__Exercise description__:
Below are the records; output them exactly from the first line through the line with "Mechanik bada elementy", stopping there.

__Extracted records__:

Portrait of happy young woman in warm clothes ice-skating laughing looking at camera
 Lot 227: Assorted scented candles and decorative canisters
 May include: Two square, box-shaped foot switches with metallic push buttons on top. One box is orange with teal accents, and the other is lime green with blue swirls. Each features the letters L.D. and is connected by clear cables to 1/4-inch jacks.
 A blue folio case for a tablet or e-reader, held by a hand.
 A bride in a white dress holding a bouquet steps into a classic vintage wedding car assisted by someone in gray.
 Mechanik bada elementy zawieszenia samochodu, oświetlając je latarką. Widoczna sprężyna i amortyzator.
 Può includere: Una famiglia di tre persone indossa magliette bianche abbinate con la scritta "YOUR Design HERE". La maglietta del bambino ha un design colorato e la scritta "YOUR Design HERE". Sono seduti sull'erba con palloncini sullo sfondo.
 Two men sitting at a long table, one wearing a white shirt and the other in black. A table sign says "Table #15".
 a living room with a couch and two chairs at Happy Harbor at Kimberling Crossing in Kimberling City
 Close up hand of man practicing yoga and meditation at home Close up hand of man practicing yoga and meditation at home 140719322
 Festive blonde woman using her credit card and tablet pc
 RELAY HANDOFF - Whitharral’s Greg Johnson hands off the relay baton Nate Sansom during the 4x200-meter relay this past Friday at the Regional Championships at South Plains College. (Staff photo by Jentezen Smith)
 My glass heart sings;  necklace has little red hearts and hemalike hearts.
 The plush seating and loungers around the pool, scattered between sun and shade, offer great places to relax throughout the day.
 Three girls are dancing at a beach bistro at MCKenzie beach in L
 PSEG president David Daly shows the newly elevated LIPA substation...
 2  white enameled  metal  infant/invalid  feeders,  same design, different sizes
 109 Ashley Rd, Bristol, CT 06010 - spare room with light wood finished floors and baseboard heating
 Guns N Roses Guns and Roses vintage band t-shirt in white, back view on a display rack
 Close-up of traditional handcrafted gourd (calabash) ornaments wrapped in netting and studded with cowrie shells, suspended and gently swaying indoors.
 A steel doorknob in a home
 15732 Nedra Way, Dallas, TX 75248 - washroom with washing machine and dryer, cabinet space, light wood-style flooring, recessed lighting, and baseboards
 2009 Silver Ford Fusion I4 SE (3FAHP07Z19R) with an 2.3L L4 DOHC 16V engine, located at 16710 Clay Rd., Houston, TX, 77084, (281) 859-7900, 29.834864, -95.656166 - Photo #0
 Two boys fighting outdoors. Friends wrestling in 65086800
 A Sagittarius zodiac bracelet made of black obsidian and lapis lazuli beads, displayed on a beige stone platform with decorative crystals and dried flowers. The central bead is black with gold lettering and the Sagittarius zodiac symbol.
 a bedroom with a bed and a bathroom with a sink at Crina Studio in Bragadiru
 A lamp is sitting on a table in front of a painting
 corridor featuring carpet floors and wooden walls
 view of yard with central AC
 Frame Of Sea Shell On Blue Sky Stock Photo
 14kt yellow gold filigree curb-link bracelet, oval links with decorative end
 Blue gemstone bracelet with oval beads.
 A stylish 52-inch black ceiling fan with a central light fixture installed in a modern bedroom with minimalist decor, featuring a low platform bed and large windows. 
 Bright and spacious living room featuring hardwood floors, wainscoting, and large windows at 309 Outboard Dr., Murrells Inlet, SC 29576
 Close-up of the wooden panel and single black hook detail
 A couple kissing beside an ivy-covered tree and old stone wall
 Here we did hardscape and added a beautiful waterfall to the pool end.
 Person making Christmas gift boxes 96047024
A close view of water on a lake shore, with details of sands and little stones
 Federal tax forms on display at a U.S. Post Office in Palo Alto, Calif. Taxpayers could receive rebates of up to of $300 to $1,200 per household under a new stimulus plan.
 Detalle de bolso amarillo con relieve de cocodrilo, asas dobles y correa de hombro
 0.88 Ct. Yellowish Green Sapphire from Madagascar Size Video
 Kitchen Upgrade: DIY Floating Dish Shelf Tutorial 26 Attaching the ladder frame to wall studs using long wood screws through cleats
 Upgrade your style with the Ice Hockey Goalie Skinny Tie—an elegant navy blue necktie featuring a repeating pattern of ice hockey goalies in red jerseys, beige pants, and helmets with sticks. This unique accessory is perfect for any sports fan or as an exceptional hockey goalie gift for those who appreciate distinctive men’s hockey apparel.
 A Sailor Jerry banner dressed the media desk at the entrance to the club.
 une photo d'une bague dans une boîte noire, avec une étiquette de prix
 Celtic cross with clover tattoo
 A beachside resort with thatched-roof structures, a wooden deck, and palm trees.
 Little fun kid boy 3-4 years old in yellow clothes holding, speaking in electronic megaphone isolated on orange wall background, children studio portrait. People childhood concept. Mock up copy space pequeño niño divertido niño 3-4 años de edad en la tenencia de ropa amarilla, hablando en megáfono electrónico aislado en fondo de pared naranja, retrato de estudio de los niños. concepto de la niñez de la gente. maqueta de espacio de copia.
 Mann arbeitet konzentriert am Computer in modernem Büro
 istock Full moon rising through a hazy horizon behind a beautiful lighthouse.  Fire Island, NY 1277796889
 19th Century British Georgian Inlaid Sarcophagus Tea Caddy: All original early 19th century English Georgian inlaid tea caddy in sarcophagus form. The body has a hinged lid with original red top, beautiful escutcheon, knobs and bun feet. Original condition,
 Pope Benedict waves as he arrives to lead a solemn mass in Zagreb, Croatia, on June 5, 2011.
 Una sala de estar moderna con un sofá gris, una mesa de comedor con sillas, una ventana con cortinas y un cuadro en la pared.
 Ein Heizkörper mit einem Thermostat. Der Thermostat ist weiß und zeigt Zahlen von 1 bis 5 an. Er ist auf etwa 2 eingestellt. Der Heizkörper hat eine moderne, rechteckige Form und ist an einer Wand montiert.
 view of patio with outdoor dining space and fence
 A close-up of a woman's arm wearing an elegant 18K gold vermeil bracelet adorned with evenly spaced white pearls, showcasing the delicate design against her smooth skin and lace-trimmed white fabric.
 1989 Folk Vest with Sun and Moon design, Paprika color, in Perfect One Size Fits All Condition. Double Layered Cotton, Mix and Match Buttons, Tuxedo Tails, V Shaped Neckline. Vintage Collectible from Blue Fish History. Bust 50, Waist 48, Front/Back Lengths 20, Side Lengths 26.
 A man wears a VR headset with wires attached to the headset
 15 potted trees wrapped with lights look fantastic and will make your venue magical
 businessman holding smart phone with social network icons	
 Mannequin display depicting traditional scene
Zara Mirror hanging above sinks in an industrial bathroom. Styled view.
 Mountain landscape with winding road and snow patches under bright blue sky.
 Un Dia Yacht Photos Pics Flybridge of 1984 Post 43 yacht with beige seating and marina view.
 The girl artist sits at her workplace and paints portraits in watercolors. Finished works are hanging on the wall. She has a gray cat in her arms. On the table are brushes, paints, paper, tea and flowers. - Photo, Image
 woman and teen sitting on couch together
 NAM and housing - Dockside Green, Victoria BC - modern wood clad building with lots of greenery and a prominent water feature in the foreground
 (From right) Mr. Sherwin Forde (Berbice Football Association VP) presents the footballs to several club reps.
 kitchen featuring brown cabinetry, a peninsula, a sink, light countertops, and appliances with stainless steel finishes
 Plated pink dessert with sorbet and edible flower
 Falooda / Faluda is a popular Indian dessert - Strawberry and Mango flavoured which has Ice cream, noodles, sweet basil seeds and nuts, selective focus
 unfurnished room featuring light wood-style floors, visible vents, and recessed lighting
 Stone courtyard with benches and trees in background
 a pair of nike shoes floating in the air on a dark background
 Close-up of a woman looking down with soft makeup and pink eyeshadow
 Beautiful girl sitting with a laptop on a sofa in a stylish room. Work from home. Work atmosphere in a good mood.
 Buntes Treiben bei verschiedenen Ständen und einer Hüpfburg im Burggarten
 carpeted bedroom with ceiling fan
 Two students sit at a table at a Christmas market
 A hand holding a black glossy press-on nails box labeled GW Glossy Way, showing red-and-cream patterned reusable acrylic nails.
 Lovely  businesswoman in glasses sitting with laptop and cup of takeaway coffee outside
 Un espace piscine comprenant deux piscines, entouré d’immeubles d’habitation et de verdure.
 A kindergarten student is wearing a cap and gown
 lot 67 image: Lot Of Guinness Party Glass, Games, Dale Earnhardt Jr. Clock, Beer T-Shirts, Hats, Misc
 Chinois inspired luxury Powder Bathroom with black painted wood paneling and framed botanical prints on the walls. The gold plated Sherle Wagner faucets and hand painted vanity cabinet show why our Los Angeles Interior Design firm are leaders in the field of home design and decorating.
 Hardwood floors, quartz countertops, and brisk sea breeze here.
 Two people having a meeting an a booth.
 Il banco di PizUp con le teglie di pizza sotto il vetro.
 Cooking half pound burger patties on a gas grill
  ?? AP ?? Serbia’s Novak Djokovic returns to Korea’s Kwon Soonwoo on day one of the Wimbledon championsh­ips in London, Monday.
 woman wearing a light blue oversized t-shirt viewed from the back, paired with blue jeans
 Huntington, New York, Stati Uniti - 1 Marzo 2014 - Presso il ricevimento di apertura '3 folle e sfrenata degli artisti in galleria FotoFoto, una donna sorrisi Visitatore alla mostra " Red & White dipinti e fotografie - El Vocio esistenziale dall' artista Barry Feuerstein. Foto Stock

__Solution__:
Portrait of happy young woman in warm clothes ice-skating laughing looking at camera
 Lot 227: Assorted scented candles and decorative canisters
 May include: Two square, box-shaped foot switches with metallic push buttons on top. One box is orange with teal accents, and the other is lime green with blue swirls. Each features the letters L.D. and is connected by clear cables to 1/4-inch jacks.
 A blue folio case for a tablet or e-reader, held by a hand.
 A bride in a white dress holding a bouquet steps into a classic vintage wedding car assisted by someone in gray.
 Mechanik bada elementy zawieszenia samochodu, oświetlając je latarką. Widoczna sprężyna i amortyzator.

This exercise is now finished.